Note that your field pages would need to be of nested type. Otherwise using object type it wouldn't be possible for this scenario. I suggest you go through the aforementioned links to know more on this.
Let's say I have two indexes
my_book_index - This would have the documents to be searched on
my_book_index_input - This would have the documents used as input documents
Both would have mapping structure as below:
{
"mappings": {
"properties": {
"book_id":{
"type": "keyword"
},
"pages":{
"type": "nested"
}
}
}
}
Sample Documents for my_book_index:
POST my_book_index/_doc/1
{
"book_id":"book01",
"pages":[
{ "page_id":1, "words":["11", "12", "13", "14", "105"] },
{ "page_id":2, "words":["21", "22", "23", "24", "205"] },
{ "page_id":3, "words":["31", "32", "33", "34", "305"] },
{ "page_id":4, "words":["41", "42", "43", "44", "405"] }
]
}
POST my_book_index/_doc/2
{
"book_id":"book02",
"pages":[
{ "page_id":1, "words":["11", "12", "13", "104", "105"] },
{ "page_id":2, "words":["21", "22", "23", "204", "205"] },
{ "page_id":3, "words":["301", "302", "303", "304", "305"] },
{ "page_id":4, "words":["401", "402", "403", "404", "405"] }
]
}
POST my_book_index/_doc/3
{
"book_id":"book03",
"pages":[
{ "page_id":1, "words":["11", "12", "13", "100", "105"] },
{ "page_id":2, "words":["21", "22", "23", "200", "205"] },
{ "page_id":3, "words":["301", "302", "303", "300", "305"] },
{ "page_id":4, "words":["401", "402", "403", "400", "405"] }
]
}
Sample Document for my_book_index_input:
POST my_book_index_input/_doc/1
{
"book_id":"book_new",
"pages":[
{ "page_id":1, "words":["11", "12", "13", "14", "15"] },
{ "page_id":2, "words":["21", "22", "23", "24", "25"] }
]
}
More Like This Query:
Use Case: Basically I am interested in finding documents which would be similar to the above documents having 4 matches in page 1 or 4 matches in page 2
POST my_book_index/_search
{
"size": 10,
"_source": "book_id",
"query": {
"nested": {
"path": "pages",
"query": {
"more_like_this" : {
"fields" : ["pages.words"],
"like" : [
{
"_index": "my_book_index_input",
"_id": 1
}
],
"min_term_freq" : 1,
"min_doc_freq": 1,
"max_query_terms" : 25,
"minimum_should_match": 4
}
},
"inner_hits": {
"_source": ["pages.page_id", "pages.words"]
}
}
}
}
Basically I want to search in my_book_index all the documents that are similar to _doc:1 in the index my_book_index_input.
Notice each and every parameter in the query. I'd suggest you go through line by line to understand all this.

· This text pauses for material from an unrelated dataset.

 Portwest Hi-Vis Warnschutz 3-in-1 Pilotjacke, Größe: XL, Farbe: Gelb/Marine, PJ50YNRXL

Note the response below when you execute that query:
Response:
{
"took" : 71,
"timed_out" : false,
"_shards" : {
"total" : 1,
"successful" : 1,
"skipped" : 0,
"failed" : 0
},
"hits" : {
"total" : {
"value" : 1,
"relation" : "eq"
},
"max_score" : 6.096043,
"hits" : [
{
"_index" : "my_book_index",
"_type" : "_doc",
"_id" : "1",
"_score" : 6.096043,
"_source" : {
"book_id" : "book01" <---- Document 1 returns
},
"inner_hits" : {
"pages" : {
"hits" : {
"total" : {
"value" : 2, <---- Number of pages hit for this document
"relation" : "eq"
},
"max_score" : 6.096043,
"hits" : [
{
"_index" : "my_book_index",
"_type" : "_doc",
"_id" : "1",
"_nested" : {
"field" : "pages",
"offset" : 0
},
"_score" : 6.096043,
"_source" : {
"page_id" : 1, <---- Page 1 returns as it has 4 matches
"words" : [
"11",
"12",
"13",
"14",
"105"
]
}
},
{
"_index" : "my_book_index",
"_type" : "_doc",
"_id" : "1",
"_nested" : {
"field" : "pages",
"offset" : 1
},
"_score" : 6.096043,
"_source" : {
"page_id" : 2, <--- Page 2 returns as it also has 4 matches
"words" : [
"21",
"22",
"23",
"24",
"205"
]
}
}
]
}
}
}
}
]
}
}
Note that only document with book_id: 1 returned. The reason is simple. I've mentioned the below properties in the query:
"min_term_freq" : 1,
"min_doc_freq": 1,
"max_query_terms" : 25,
"minimum_should_match": 4
Basically, only consider those terms to search from input document whose term freq is 1, which is available in min of 1 documents, and the number of matches in one nested document should be 4.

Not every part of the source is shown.